One of the first successful attempts to isolate the active substance was reported in 1921 by Romanian physiologist Nicolas C. Paulescu, who discovered a substance called pancrein in pancreatic extracts from dogs. Paulescu found that diabetic dogs given an injection of pancrein experienced a temporary decrease in blood glucose levels. Although he did not purify pancrein, it is thought that the substance was insulin. That same year, working independently, Frederick Banting, a young Canadian surgeon in Toronto, persuaded a physiology professor to allow him use of a laboratory to search for the active substance from the pancreas. Banting guessed correctly that the islet cells secreted insulin, which was destroyed by enzymes from the acinar cells. By this time Banting had enlisted the support of Charles H. Best, a fourth-year medical student. Together they tied off the pancreatic ducts through which acinar cells release the digestive enzymes. This insult caused the acinar cells to die. Subsequently, the remainder of the pancreas was homogenized and extracted with ethyl alcohol and acid. The extract thus obtained decreased blood glucose levels in dogs with a form of diabetes. Banting and Best worked with Canadian chemist James B. Collip and Scottish physiologist J.J.R. Macleod to obtain purified insulin, and shortly thereafter, in 1922, a 14-year-old boy with severe diabetes was the first human to be treated successfully with the pancreatic extracts.

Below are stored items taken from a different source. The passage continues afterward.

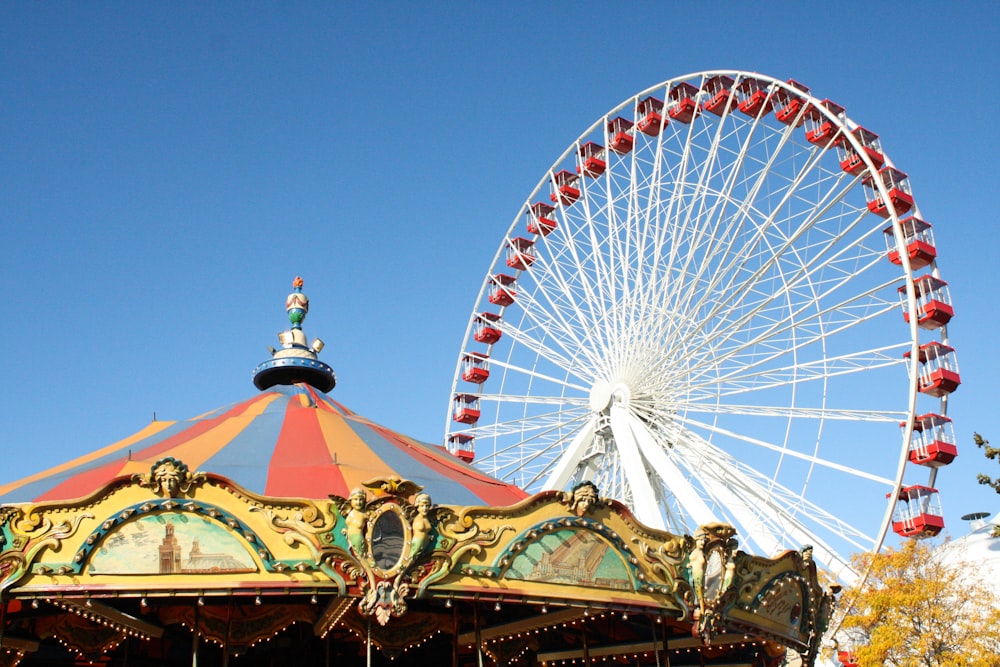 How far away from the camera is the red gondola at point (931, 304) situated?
57.1ft

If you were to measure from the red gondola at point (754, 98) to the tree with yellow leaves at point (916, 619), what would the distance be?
812 cm

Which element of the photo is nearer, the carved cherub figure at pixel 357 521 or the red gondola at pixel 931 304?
the carved cherub figure at pixel 357 521

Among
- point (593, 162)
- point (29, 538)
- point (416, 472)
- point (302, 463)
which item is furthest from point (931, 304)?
point (29, 538)

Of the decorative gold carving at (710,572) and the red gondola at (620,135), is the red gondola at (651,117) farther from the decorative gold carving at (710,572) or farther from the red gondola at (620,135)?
the decorative gold carving at (710,572)

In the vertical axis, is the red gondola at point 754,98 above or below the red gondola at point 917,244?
above

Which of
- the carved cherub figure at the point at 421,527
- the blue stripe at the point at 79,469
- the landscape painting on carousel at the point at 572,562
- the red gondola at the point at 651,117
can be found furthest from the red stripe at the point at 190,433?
the red gondola at the point at 651,117

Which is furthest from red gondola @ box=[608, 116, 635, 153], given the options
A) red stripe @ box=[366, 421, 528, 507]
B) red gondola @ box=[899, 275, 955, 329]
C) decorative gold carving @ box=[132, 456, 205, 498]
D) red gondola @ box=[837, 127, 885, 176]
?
decorative gold carving @ box=[132, 456, 205, 498]

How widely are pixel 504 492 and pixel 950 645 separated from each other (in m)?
12.8

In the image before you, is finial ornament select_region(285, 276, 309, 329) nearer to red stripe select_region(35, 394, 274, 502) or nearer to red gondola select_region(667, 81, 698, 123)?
red stripe select_region(35, 394, 274, 502)

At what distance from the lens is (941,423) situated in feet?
56.7

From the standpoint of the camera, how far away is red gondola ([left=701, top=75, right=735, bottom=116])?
2080 cm

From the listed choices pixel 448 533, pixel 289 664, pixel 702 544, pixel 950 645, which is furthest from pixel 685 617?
pixel 950 645

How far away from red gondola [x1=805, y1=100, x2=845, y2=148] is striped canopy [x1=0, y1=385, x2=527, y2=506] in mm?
9369

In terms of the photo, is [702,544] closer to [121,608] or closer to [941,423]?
[121,608] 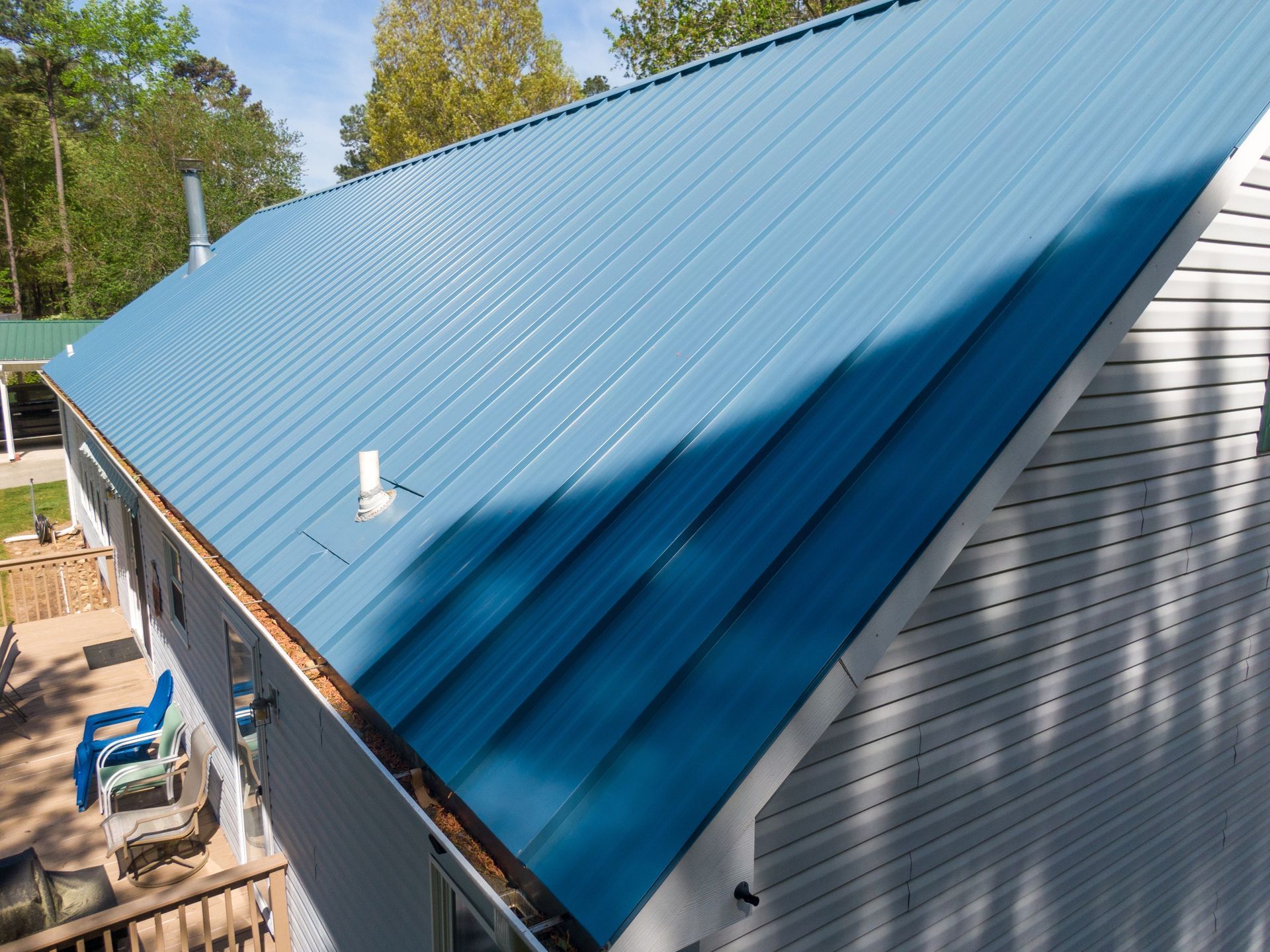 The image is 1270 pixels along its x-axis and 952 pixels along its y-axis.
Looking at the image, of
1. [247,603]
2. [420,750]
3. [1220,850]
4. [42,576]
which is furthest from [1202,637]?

After this success other scientists became involved in the quest to develop large quantities of purified insulin extracts. Eventually, extracts from pig and cow pancreases created a sufficient and reliable supply of insulin. For the next 50 years most of the insulin used to treat diabetes was extracted from porcine and bovine sources. There are only slight differences in chemical structure between bovine, porcine, and human insulin, and their hormonal activities are essentially equivalent. Today, as a result of recombinant DNA technology, most of the insulin used in therapy is synthesized by pharmaceutical companies and is identical to human insulin (see below Synthetic human proteins).

Identification of vitamins

Vitamins are organic compounds that are necessary for body metabolism and, generally, must be provided from the diet. For centuries many diseases of dietary deficiency had been recognized, although not well defined. Most of the vitamin deficiency disorders were biochemically and physiologically defined in the late 19th and early 20th centuries. The discovery of thiamin (vitamin B1) exemplifies how vitamin deficiencies and their treatment were discovered.

Thiamin deficiency produces beriberi, a word from the Sinhalese meaning “extreme weakness.” The symptoms include spasms and rigidity of the legs, possible paralysis of a limb, personality disturbances, and depression. This disease became widespread in Asia in the 19th century because steam-powered rice mills produced polished rice, which lacked the vitamin-rich husk. A dietary deficiency was first suggested as the cause of beriberi in 1880 when a new diet was instituted for the Japanese navy. When fish, meat, barley, and vegetables were added to the sailor’s diet of polished rice, the incidence of beriberi in the navy was significantly reduced. In 1897 the Dutch physician Christiaan Eijkman was working in Java when he showed that fowl fed a diet of polished rice developed symptoms similar to beriberi. He was also able to demonstrate that unpolished rice in the diet prevented and cured the symptoms in fowl and humans. By 1912 a highly concentrated extract of the active ingredient was prepared by the Polish biochemist Casimir Funk, who recognized that it belonged to a new class of essential foods called vitamins. Thiamin was isolated in 1926 and its chemical structure determined in 1936. The chemical structures of the other vitamins were determined prior to 1940.